START Records for the exercise
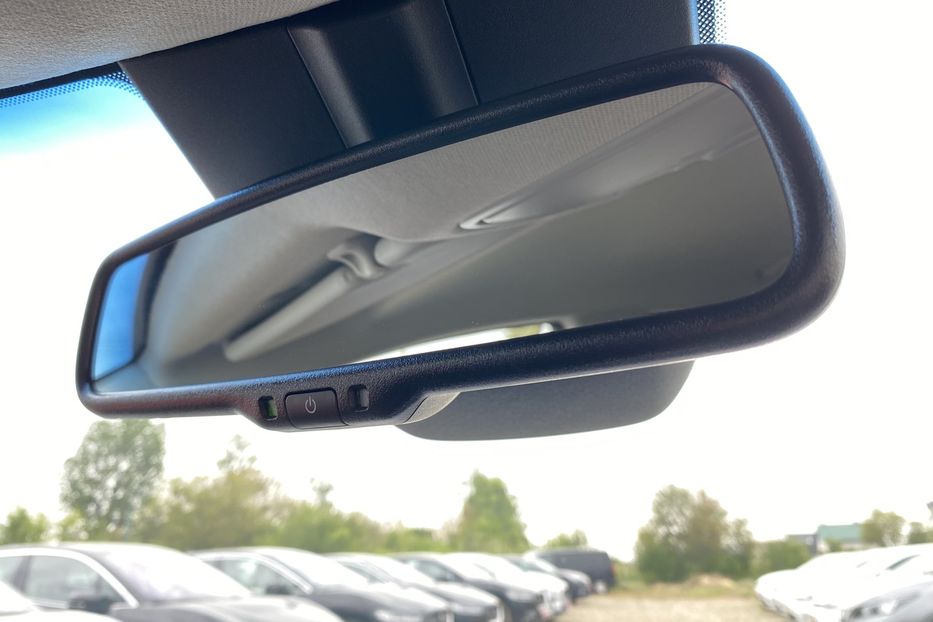 Продам Kia Niro ПідгрівсидінькермаСліпізониJBL 2021 года в Львове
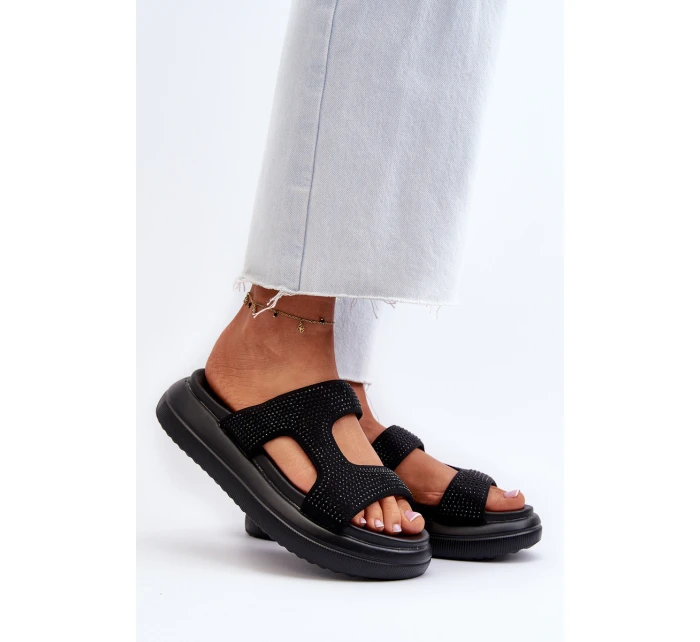 Ozdobené dámské sandály na platformě černé model 21656706 - Boto Ozdobené dámské sandály na platformě černé model 21656706 - Boto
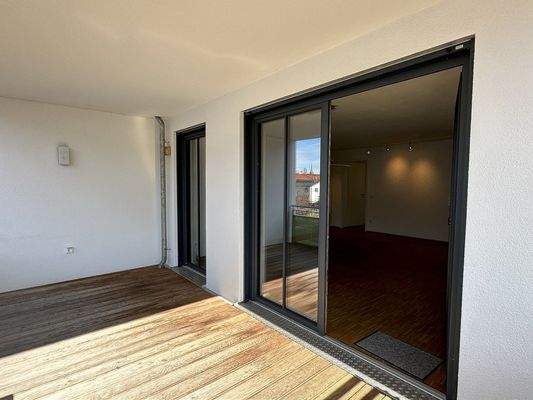 Der großzügige Westbalkon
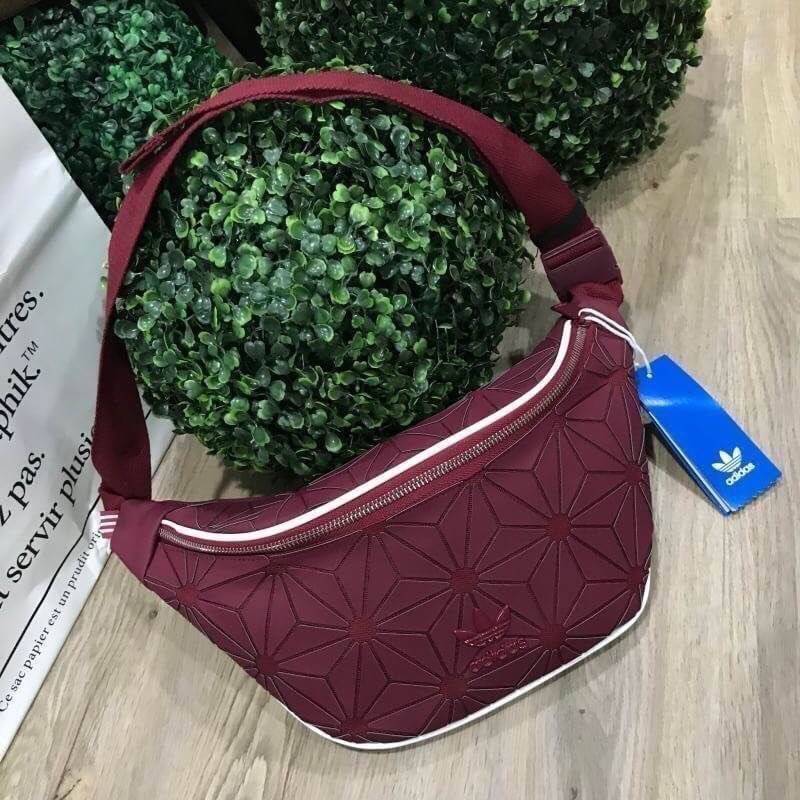 Adidas Originals 3D Mini Airline (ISSEY MIYAKE Style Shoulder Bag) กระเป๋าสะพายสไตล์สปอร์ตแบบคาดเอวคาดอกรุ่นใหม่ดีไซน์สุดฮิตสไตล์ ISSEY MIYAKE ใช้ได้ทั้งชายและหญิง ขนาดกำลังดี น้ำหนักเบา ด้านหน้าประดับโลโก้แบรนด์ เปิดปิดด้วยซิปสะดวกใช้อะไหล่ปั้มแบรนด์สวยด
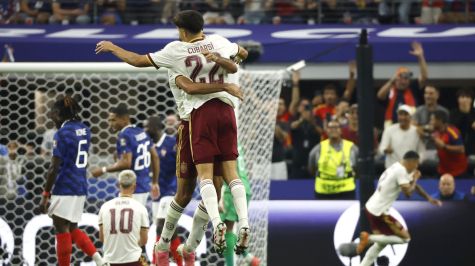 Festejan anotación del segundo gol ante Francia. EFE
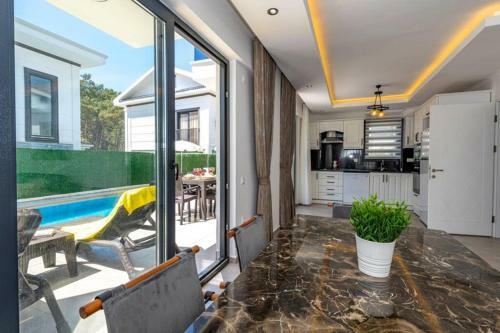 Villa Violet-4 Bedroom Holiday Villa-�l�deniz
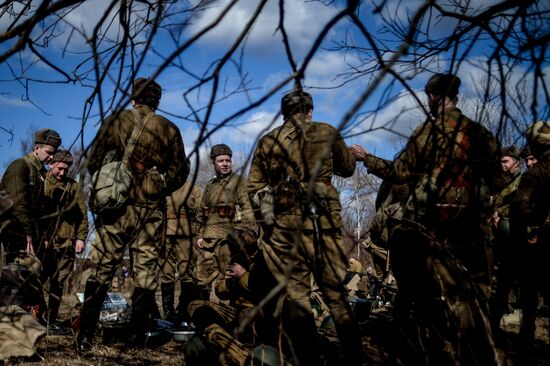 "A Forgotten Deed" military and historical reenactment in Novgorod Region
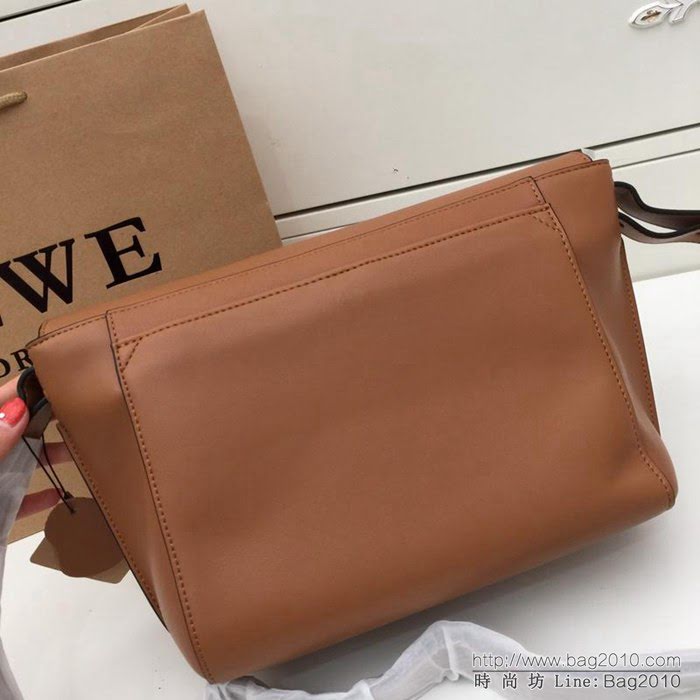 LOEWE羅意威 專櫃同步 經典百搭 明星同款 Military Messenger 信使包 0169 男女同款  jdl1025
END Records for the exercise
**Exercise instructions**
Each entry above is to be duplicated exactly, and its pictures omitted.

**Result of this exercise**
 Продам Kia Niro ПідгрівсидінькермаСліпізониJBL 2021 года в Львове
 Ozdobené dámské sandály na platformě černé model 21656706 - Boto Ozdobené dámské sandály na platformě černé model 21656706 - Boto
 Der großzügige Westbalkon
 Adidas Originals 3D Mini Airline (ISSEY MIYAKE Style Shoulder Bag) กระเป๋าสะพายสไตล์สปอร์ตแบบคาดเอวคาดอกรุ่นใหม่ดีไซน์สุดฮิตสไตล์ ISSEY MIYAKE ใช้ได้ทั้งชายและหญิง ขนาดกำลังดี น้ำหนักเบา ด้านหน้าประดับโลโก้แบรนด์ เปิดปิดด้วยซิปสะดวกใช้อะไหล่ปั้มแบรนด์สวยด
 Festejan anotación del segundo gol ante Francia. EFE
 Villa Violet-4 Bedroom Holiday Villa-�l�deniz
 "A Forgotten Deed" military and historical reenactment in Novgorod Region
 LOEWE羅意威 專櫃同步 經典百搭 明星同款 Military Messenger 信使包 0169 男女同款  jdl1025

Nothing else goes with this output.